Yakın zamanda The Mantl'ı İstanbul, Bursa, Dubai ve New York gibi şehirlerde açmayı planlıyorum. Özellikle Türkiye'de bir restoran açmak, kendi mutfağımızı ülkemde de sergilemek benim için büyük bir hayal. Bu lezzetleri ülkemizdeki insanlarla buluşturmak istiyorum. Ayrıca Türk mutfağının global çapta daha fazla tanınması ve saygı görmesi için çalışmalarımızı sürdüreceğiz. Yeni konseptler ve projelerle Türk mutfağını dünya sahnesine taşımak en büyük hedefim. Türk mutfağının zenginliğini ve eşsiz lezzetlerini dünya çapında daha fazla tanıtmak için çalışmaya devam edeceğiz. The Mantl, bu vizyonun bir parçası olarak Londra'da önemli bir yer edindi. Ancak, asıl amacım bu başarıyı global ölçekte yaymak. Türk mutfağının dünya mutfaklarında hak ettiği yere gelmesi için yeni projeler ve girişimlerle yolumuza devam edeceğiz.

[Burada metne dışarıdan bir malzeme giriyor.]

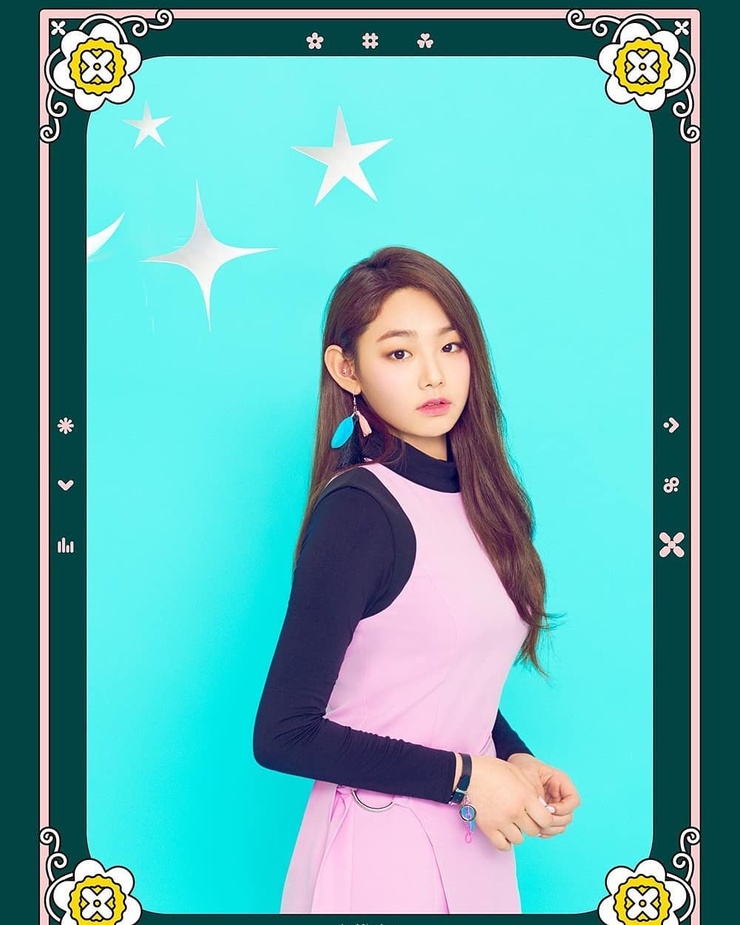 Kang Mina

YEMEK YARIŞMALARI SADECE POPÜLER YEMEKLERE ODAKLANMAMALI
Türkiye'deki yemek yarışmaları hakkında neler düşünüyorsunuz? Bu programların mutfağımıza ve yemek kültürümüze dair sağlıklı ve yararlı olduğunu düşünüyor musunuz?

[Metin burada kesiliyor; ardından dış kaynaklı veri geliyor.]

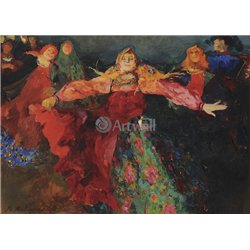 Танец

Yemek yarışmaları, Türk mutfağının tanıtılması ve genç şeflerin yeteneklerini sergilemesi açısından önemli bir platform sağlıyor. Ancak bu programların mutfağımızın zenginliğini ve çeşitliliğini ne kadar doğru yansıttığına dikkat etmek gerekiyor. Sadece popüler yemekler üzerine odaklanmak yerine, mutfağımızın farklı yönlerini ve yerel lezzetlerini de ön plana çıkarmak gerektiğini düşünüyorum. Eğer bu yarışmalar, mutfağımızın gerçek potansiyelini doğru bir şekilde yansıtabilir ve insanlara mutfağımızın derinliklerini gösterebilirse, çok daha yararlı olabilirler.